* **EXERCISE DATA**:
▼

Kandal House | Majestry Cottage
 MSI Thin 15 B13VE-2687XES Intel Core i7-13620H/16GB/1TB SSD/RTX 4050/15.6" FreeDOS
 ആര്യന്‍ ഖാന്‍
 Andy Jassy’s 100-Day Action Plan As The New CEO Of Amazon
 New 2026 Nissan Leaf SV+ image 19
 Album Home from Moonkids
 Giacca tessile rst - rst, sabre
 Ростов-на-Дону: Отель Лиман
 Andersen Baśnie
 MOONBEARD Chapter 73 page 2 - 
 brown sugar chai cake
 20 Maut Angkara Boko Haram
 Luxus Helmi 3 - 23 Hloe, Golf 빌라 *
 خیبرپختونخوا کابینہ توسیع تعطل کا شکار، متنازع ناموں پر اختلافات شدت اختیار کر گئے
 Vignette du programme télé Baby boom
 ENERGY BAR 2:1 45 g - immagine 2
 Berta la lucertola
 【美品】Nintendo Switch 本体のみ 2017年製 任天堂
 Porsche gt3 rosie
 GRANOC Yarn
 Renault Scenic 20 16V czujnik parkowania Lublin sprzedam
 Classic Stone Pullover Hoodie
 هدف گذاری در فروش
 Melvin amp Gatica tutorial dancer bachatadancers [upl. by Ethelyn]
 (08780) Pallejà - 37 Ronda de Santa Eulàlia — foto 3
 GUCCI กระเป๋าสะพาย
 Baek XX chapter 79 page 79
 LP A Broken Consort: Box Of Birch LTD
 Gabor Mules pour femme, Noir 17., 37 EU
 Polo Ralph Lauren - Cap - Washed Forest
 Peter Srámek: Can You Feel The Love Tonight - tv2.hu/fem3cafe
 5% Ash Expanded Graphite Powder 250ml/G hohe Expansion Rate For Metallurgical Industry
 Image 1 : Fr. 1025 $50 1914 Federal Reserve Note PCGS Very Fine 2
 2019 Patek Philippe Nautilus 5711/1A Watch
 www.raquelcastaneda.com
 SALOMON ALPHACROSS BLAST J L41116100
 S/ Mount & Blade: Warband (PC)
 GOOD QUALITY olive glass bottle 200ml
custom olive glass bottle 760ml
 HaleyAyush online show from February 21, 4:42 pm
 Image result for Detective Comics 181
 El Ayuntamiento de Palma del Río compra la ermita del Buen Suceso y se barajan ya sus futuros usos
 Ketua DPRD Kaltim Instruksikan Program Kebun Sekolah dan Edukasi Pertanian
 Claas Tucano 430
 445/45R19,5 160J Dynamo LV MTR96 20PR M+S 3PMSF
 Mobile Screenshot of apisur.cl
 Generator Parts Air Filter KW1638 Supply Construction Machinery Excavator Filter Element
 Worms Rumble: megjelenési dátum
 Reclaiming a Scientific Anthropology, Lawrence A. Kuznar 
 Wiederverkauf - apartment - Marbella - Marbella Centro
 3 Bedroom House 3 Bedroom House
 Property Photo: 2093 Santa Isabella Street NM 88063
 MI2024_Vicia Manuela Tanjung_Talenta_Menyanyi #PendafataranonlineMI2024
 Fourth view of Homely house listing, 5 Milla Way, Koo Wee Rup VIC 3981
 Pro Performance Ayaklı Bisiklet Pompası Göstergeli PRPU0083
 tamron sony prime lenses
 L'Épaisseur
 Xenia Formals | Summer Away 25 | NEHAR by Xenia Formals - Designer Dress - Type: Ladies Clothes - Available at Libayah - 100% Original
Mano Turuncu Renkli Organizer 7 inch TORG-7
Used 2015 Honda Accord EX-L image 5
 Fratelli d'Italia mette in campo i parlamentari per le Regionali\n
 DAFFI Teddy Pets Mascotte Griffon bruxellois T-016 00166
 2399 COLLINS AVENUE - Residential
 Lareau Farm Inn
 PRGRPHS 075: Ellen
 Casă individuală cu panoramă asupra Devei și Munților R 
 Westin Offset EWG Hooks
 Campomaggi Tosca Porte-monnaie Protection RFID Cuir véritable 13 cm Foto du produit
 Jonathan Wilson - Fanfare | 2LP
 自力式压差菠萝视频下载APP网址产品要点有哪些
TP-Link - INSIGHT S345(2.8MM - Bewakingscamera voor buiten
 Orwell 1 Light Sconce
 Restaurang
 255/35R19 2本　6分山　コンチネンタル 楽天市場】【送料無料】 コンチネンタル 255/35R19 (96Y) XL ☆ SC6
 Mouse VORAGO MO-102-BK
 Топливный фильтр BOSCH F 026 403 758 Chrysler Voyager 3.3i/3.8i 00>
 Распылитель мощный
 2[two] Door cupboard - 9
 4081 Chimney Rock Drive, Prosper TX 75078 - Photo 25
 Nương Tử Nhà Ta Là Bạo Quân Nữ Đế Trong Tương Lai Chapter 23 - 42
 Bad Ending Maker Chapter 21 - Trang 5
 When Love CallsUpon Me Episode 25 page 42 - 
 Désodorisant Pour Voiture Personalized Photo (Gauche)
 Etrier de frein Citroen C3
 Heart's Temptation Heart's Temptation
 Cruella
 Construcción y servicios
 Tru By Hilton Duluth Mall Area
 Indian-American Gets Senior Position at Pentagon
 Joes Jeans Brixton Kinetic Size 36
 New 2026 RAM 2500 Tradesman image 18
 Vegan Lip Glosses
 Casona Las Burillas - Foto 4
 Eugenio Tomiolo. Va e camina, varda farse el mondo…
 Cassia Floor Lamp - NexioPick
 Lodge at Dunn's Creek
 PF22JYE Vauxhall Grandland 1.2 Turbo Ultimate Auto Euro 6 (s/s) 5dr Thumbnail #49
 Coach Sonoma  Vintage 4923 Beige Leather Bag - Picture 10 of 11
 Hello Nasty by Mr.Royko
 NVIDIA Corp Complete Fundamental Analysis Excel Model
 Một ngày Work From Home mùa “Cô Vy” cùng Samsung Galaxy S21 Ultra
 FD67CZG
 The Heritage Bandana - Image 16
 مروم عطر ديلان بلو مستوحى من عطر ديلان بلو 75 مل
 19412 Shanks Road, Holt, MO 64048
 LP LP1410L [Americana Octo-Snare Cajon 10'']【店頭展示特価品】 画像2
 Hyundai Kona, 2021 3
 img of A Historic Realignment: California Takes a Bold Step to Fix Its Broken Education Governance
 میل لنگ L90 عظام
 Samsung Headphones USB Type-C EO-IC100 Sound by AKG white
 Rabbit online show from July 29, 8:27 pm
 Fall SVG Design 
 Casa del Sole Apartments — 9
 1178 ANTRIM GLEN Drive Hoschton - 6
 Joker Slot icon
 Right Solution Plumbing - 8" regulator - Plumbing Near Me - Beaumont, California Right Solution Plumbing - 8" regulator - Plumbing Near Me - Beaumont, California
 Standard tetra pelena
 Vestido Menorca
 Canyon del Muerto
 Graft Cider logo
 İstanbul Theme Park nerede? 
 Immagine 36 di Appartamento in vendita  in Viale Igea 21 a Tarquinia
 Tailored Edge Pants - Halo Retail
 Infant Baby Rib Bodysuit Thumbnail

▲

* **EXERCISE OBJECTIVE**: Up to and including the line with "Album Home from Moonkids", transcribe the entries above exactly, starting from their first line.

* **EXERCISE SOLUTION**:
Kandal House | Majestry Cottage
 MSI Thin 15 B13VE-2687XES Intel Core i7-13620H/16GB/1TB SSD/RTX 4050/15.6" FreeDOS
 ആര്യന്‍ ഖാന്‍
 Andy Jassy’s 100-Day Action Plan As The New CEO Of Amazon
 New 2026 Nissan Leaf SV+ image 19
 Album Home from Moonkids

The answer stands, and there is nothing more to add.